Textron To Confirm Outlook at Merrill Lynch Global Industries Conference
PROVIDENCE, R.I.--May 22, 2001--Textron Inc. , in a presentation to investors at the Merrill Lynch Global Industries Conference, tomorrow will confirm that the company continues to expect second quarter earnings per share before special charges and restructuring-related expenses to be approximately $1.10. The company will also confirm that it continues to expect earnings per share before special charges and restructuring-related expenses to be approximately the same as last year, which were $4.65.Slides of the presentation at the Merrill Lynch conference by Ted R. French, executive vice president and chief financial officer of Textron Inc., will be available on Textron's website at www.textron.com from May 23 through May 30, 2001.
Textron Inc. (www.textron.com) is a $13 billion, global, multi-industry company with market-leading businesses in Aircraft, Automotive, Industrial Products, Fastening Systems and Finance. Textron has a workforce of 70,000 employees and major manufacturing facilities in 30 countries. Textron is among Fortune magazine's "Global Most Admired Companies" and Industry Week magazine's "Best Managed Companies."
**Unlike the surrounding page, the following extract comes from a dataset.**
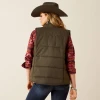 Women's Ariat Grizzly Quilted Earth Green Insulated Vest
Forward-looking Information: Certain statements in this release and other oral and written statements made by Textron from time to time, are forward-looking statements, including those that discuss strategies, goals, outlook or other non-historical matters; or project revenues, income, returns or other financial measures. These forward-looking statements are subject to risks and uncertainties that may cause actual results to differ materially from those contained in the statements, including the following: (a) the extent to which Textron is able to implement and complete its restructuring plans (b) the extent to which Textron is able to successfully integrate recent acquisitions, (c) changes in worldwide economic and political conditions that impact interest and foreign exchange rates, (d) the occurrence of work stoppages and strikes at key facilities of Textron or Textron's customers or suppliers, (e) government funding and program approvals affecting products being developed or sold under government programs, (f) successful implementation of supply chain and e-procurement strategies, (g) the timing of certifications of new aircraft products, (h) the occurrence of a severe downturn in the economies in which Textron operates that could reduce demand for its products (i) the level of consumer demand for the vehicle models for which Textron supplies parts to automotive original equipment manufacturers ("OEMs"), (j) Textron's ability to offset, through cost reductions, raw material price increases and pricing pressure brought by OEM customers, and (k) Textron Financial's ability to maintain credit quality and control costs when entering new markets.